Heather Weizsacker, a Starbucks store manager in Seattle, said that she and other managers felt pressured to keep their connection scores high, a concern that trickled down to workers. “There was a lot of shame for those of us that had low scores,” said Weizsacker, who went on medical leave in 2020. “Sometimes other managers would even make ‘jokes’— very demoralizing.” (Starbucks said that making fun of people is not consistent with its values.)
Workers said in order to influence the ratings, managers often pushed them to engage customers in conversations that seemed inauthentic. “It’s so fake and cringey,” said Cierra Goolsby, 29, a Starbucks worker in Carbondale, Illinois. “Some people love it. But it makes me feel weird, to try and get to know people without some people actually inviting you into that.”
Casey Moore, a barista in Buffalo, New York, said a manager instructed workers to ask customers a “question of the day,” which she hears repeated through her drive-through headset as many as 60 times an hour. On Cinco De Mayo, her coworkers asked, “My favorite Mexican food is a burrito. What’s yours?”
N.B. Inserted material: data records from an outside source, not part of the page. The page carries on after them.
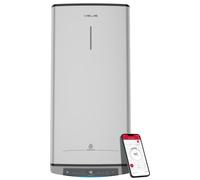 Ariston Velis Tech Dry Smart Thermos électrique multiposition avec Wi-Fi 80L B Gris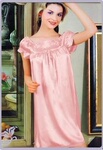 �ն�����˿�����廨ŷʽ˯ȹ�Ҿӷ�YE116��Ƥ��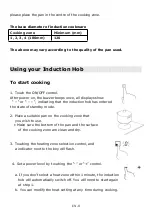 Preview for 12 page of Candy CJ2D46TKT Instruction Manual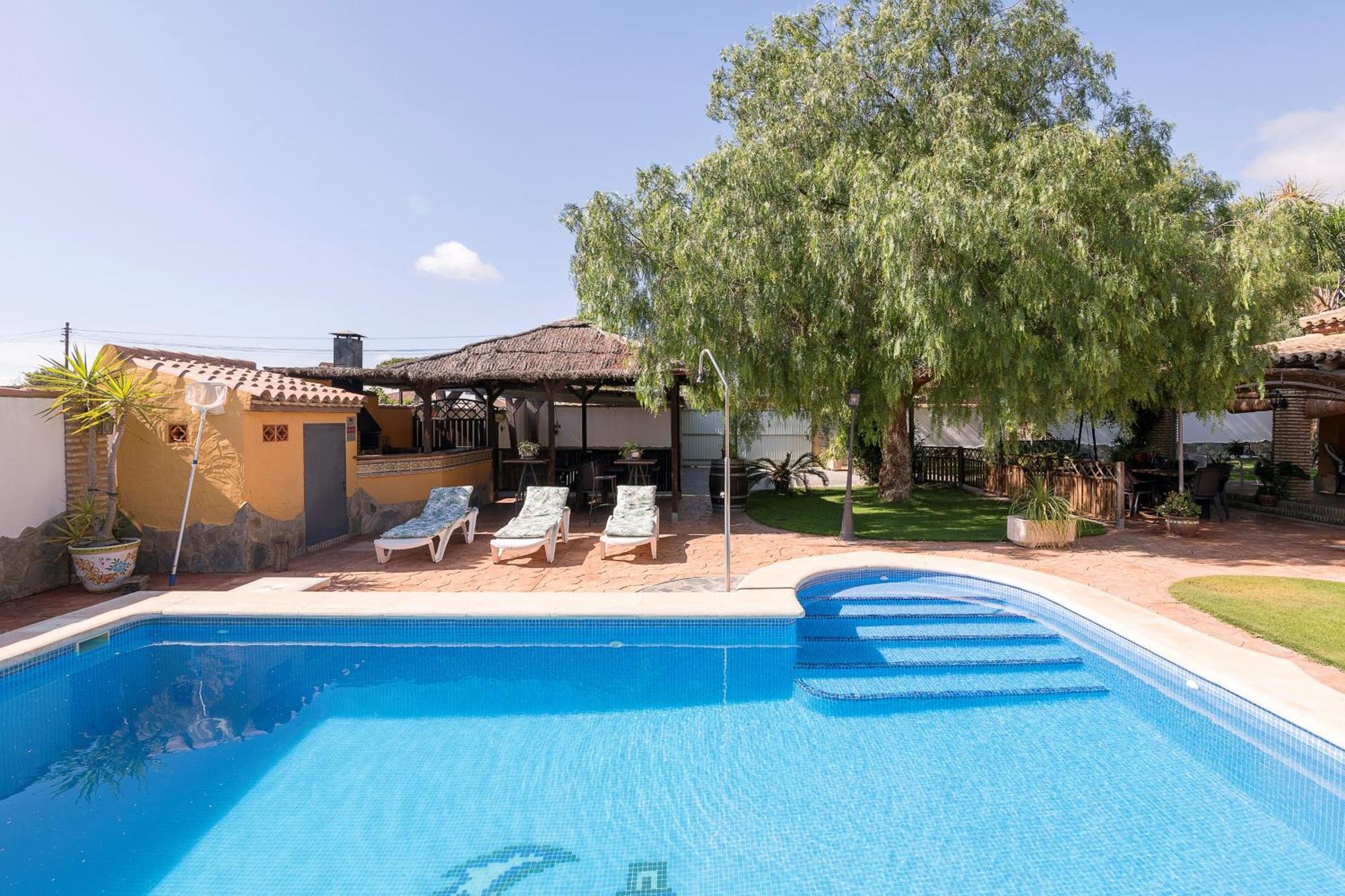 Villa La Redondela Chiclana de la Frontera Exterior foto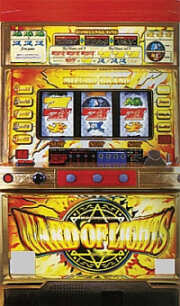 パチスロ ワードオブライツ「実機」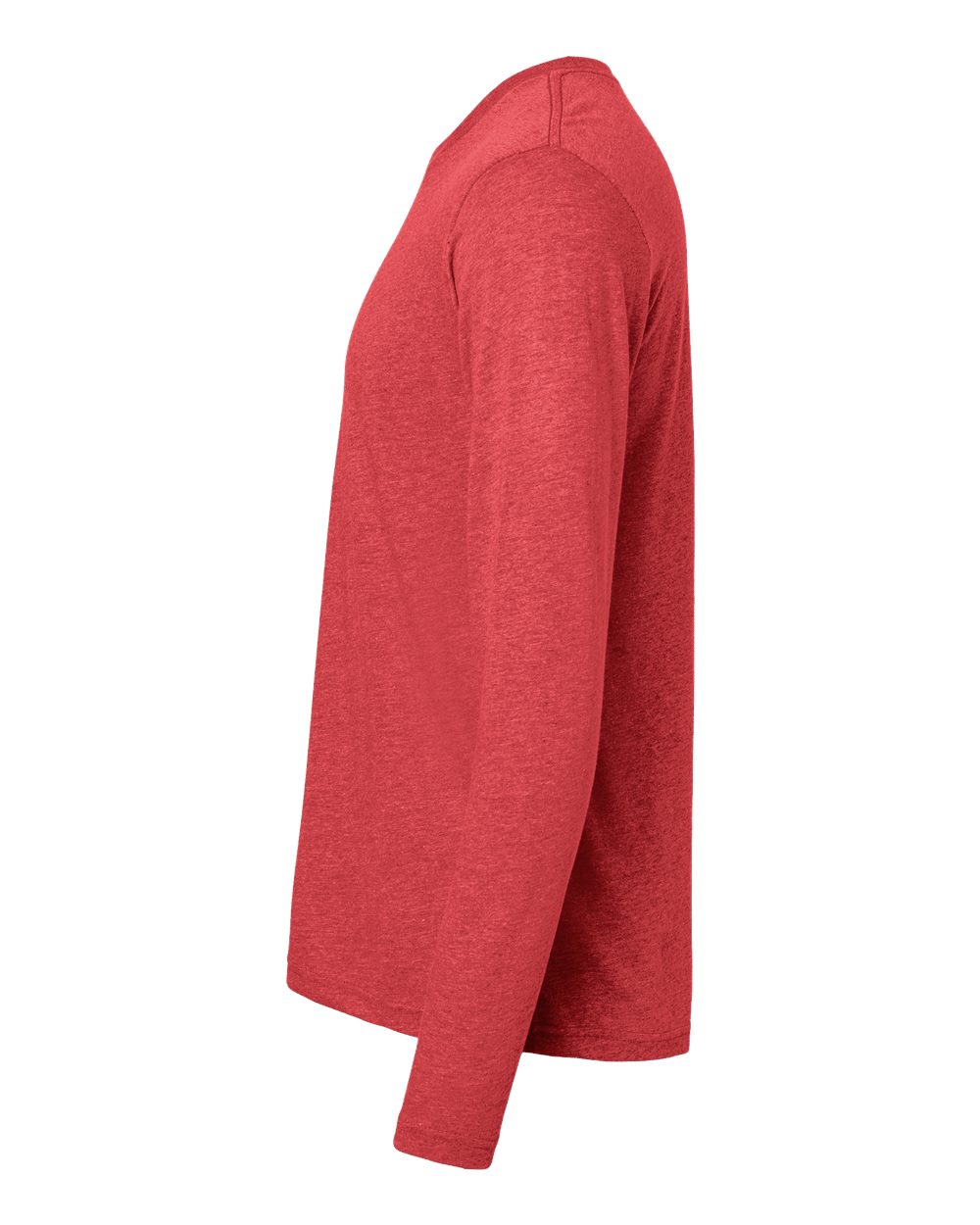 Next Level Men's Triblend Long Sleeve T-Shirt - 6071 Vintage Red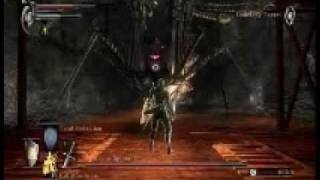 Demons Souls 21 Boss Battle  Armor Spider [upl. by Pearlstein]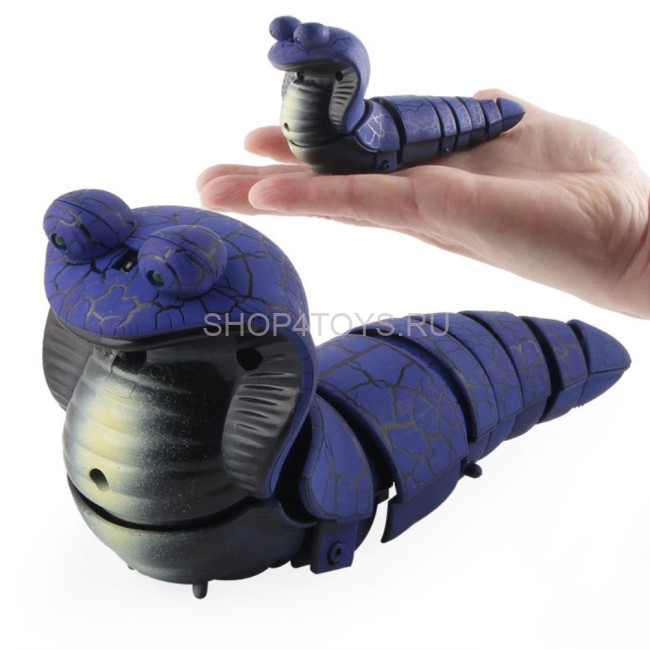 Радиоуправляемый робот ZF Синяя змея Кобра - 7702B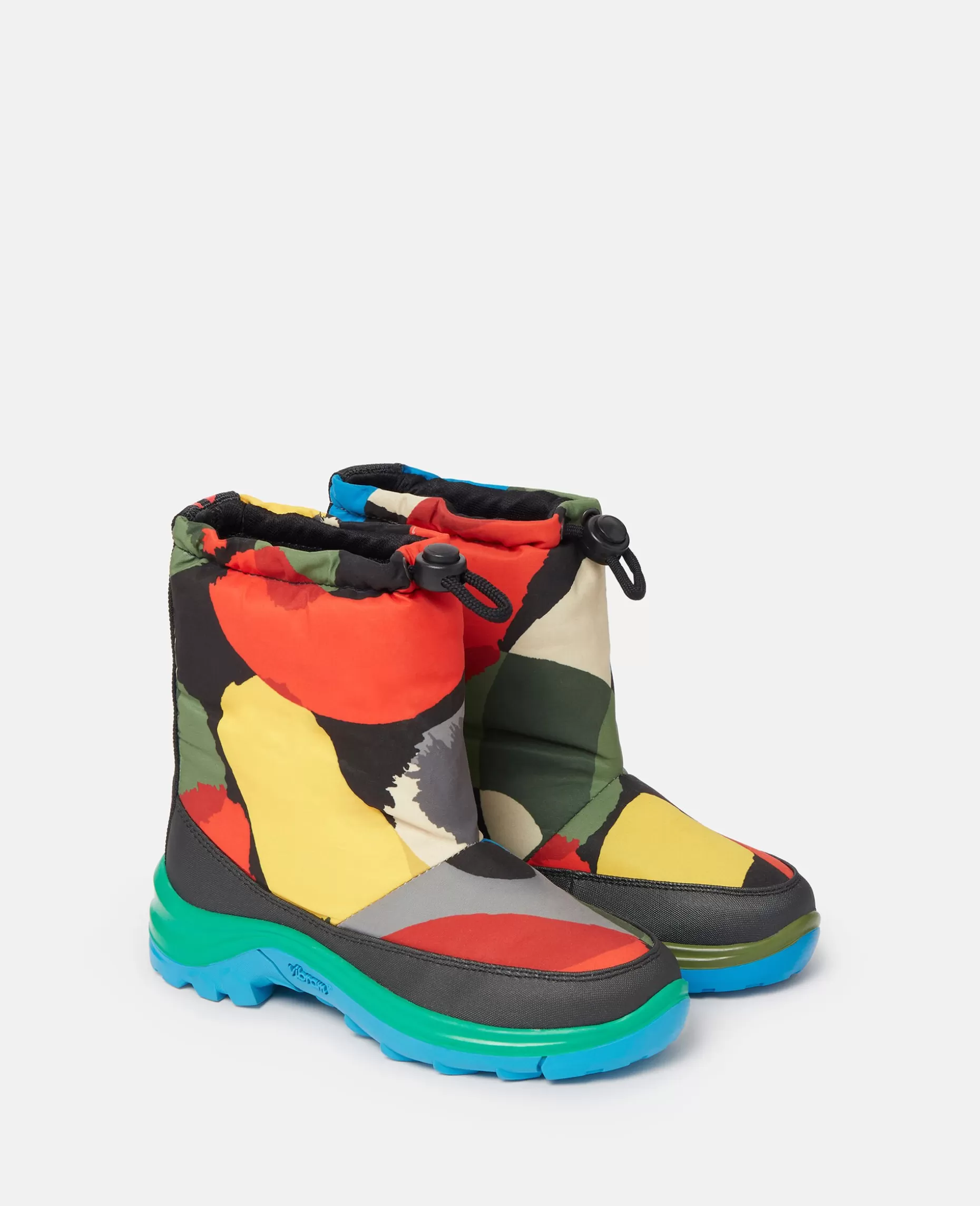 Polstrede Gummistovler Med Logotape^Stella McCartney Cheap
Workers frequently said that trying to improve their store’s connection score contradicted other requirements Starbucks has put in place, such as serving customers drinks faster at drive-through windows.
“It’s frustrating because there’s a lot of push and drive to focus on speed and volume, but in the same breadth, have us make these connections with people,” said Olivia Lewis, 30, a worker at a Starbucks that recently voted to unionize in Boone, North Carolina. “That’s what we want to do. We’re in the service industry. We love talking to people. But you can’t do both.”
These kinds of demands are part of what troubles Keith Cunningham-Parmeter, a professor at Willamette University’s law school who recently wrote a paper on customer scoring that will be published next year.
“This is just one more pressure point in the workers’ lives,” he said. “And at some point you have to ask whether something has to give. Because mounting pressure combined with low wages, combined with the angst that we’re all feeling in the midst of the pandemic, adds up to a fundamental problem of worker burnout.”
The lack of control Starbucks employees thought they had over connection scores and other aspects of their workplace was part of what some of them said made unions seem appealing.
“We’re doing this so we can fight for everything from working conditions to better health and pay through a collective bargaining agreement,” said Moore, whose store in Buffalo voted to unionize earlier this week (the results of the election are still being finalized).
Joe Thompson, 19, a Starbucks worker in Santa Cruz, California, said he thought his store’s connection score went up because workers there unionized. “The union brings unity, it makes it easier to work,” he explained. “We have fun and the customers support us more.”
Thompson said he also believed that managers with high scores received bonuses. When asked if that was the case, Borges, the Starbucks representative, said that “there are a number of factors that go into rewarding all of our partners.”
He stressed that connection scores are not meant to be a tool for punishment, and that Starbucks believes workers need to balance efficient service with quality customer interactions.
“At the end of the day,” he said, “you know, we are in the people business serving coffee.”